## [GOAL OF THE EXERCISE]
Set down again each entry exactly as it reads, pictures excluded.

## [Scraped caption text data]
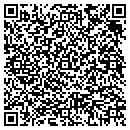 QR code with Miller Vending contacts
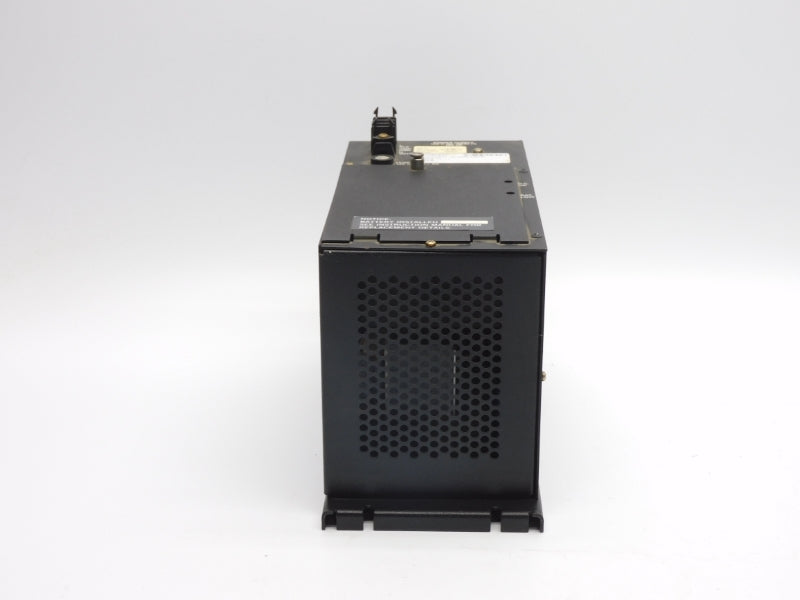 SQUARE D 8030PS21 SER. A2 120VAC UNMP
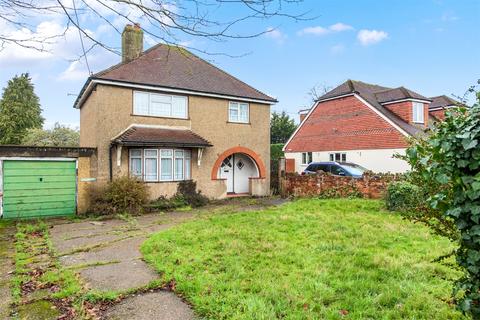 undefined, Aldershot Road, Guildford GU12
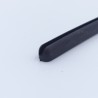 Joint de butoir de pare-choc – Panhard Dyna Z1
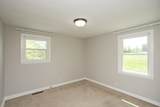 5000 Brewer Ct - Photo 23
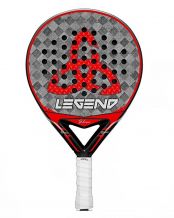LEGEND INVICTUS DELUXE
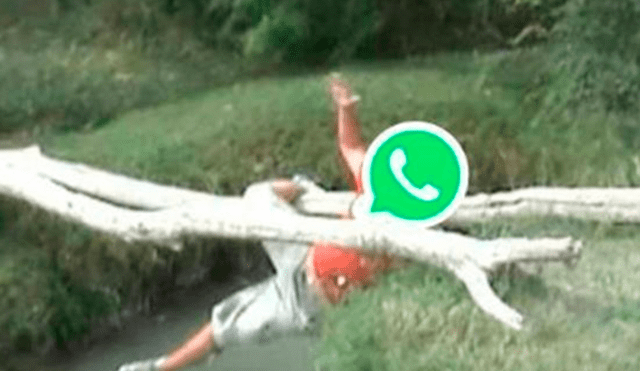 WhatsApp sufre caída a nivel mundial y usuarios crean memes para burlarse de la app de mensajería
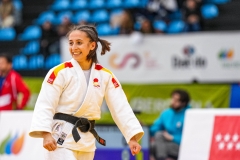 EJU-2022-GabiJuan-DSC03859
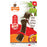 Nylabone Extreme Chew Wooden Stick purulelu pekoni XL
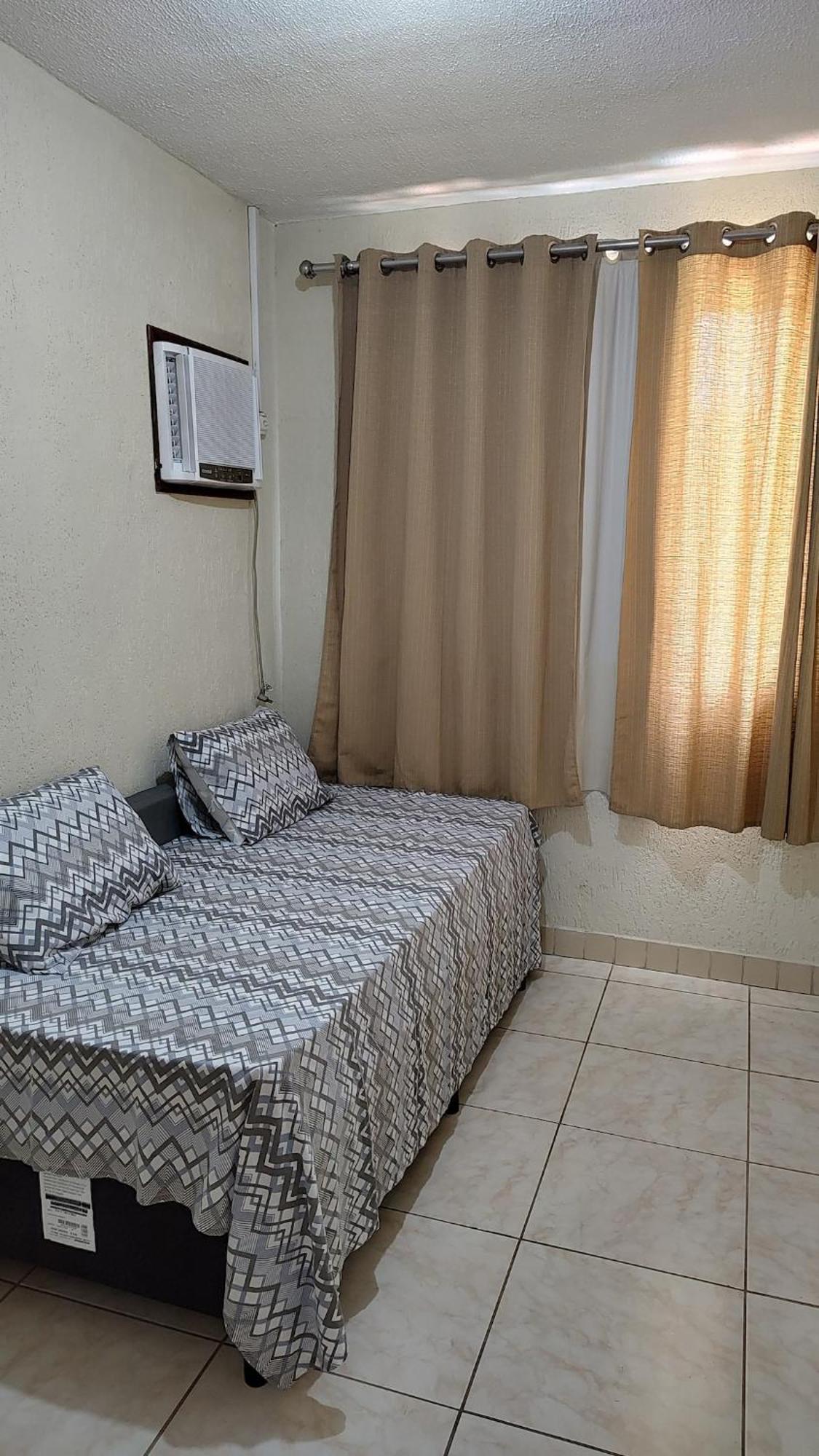 Apartamento Casa No Canal Ogiva - Cabo Frio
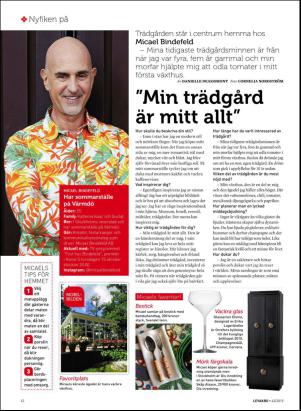 levaochbo-20151024_000_00_00_012.pdf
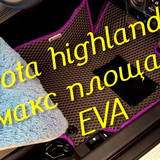 d06689025151eaf03ae8ed64d523665b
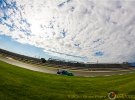 Indy52
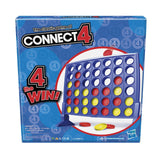 Hasbro A5640, Connect 4 Grid Game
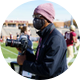 Troy L. Sayles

## [EXERCISE RESPONSE]
 QR code with Miller Vending contacts
 SQUARE D 8030PS21 SER. A2 120VAC UNMP
 undefined, Aldershot Road, Guildford GU12
 Joint de butoir de pare-choc – Panhard Dyna Z1
 5000 Brewer Ct - Photo 23
LEGEND INVICTUS DELUXE
 WhatsApp sufre caída a nivel mundial y usuarios crean memes para burlarse de la app de mensajería
 EJU-2022-GabiJuan-DSC03859
 Nylabone Extreme Chew Wooden Stick purulelu pekoni XL
 Apartamento Casa No Canal Ogiva - Cabo Frio
 levaochbo-20151024_000_00_00_012.pdf
 d06689025151eaf03ae8ed64d523665b
 Indy52
 Hasbro A5640, Connect 4 Grid Game
 Troy L. Sayles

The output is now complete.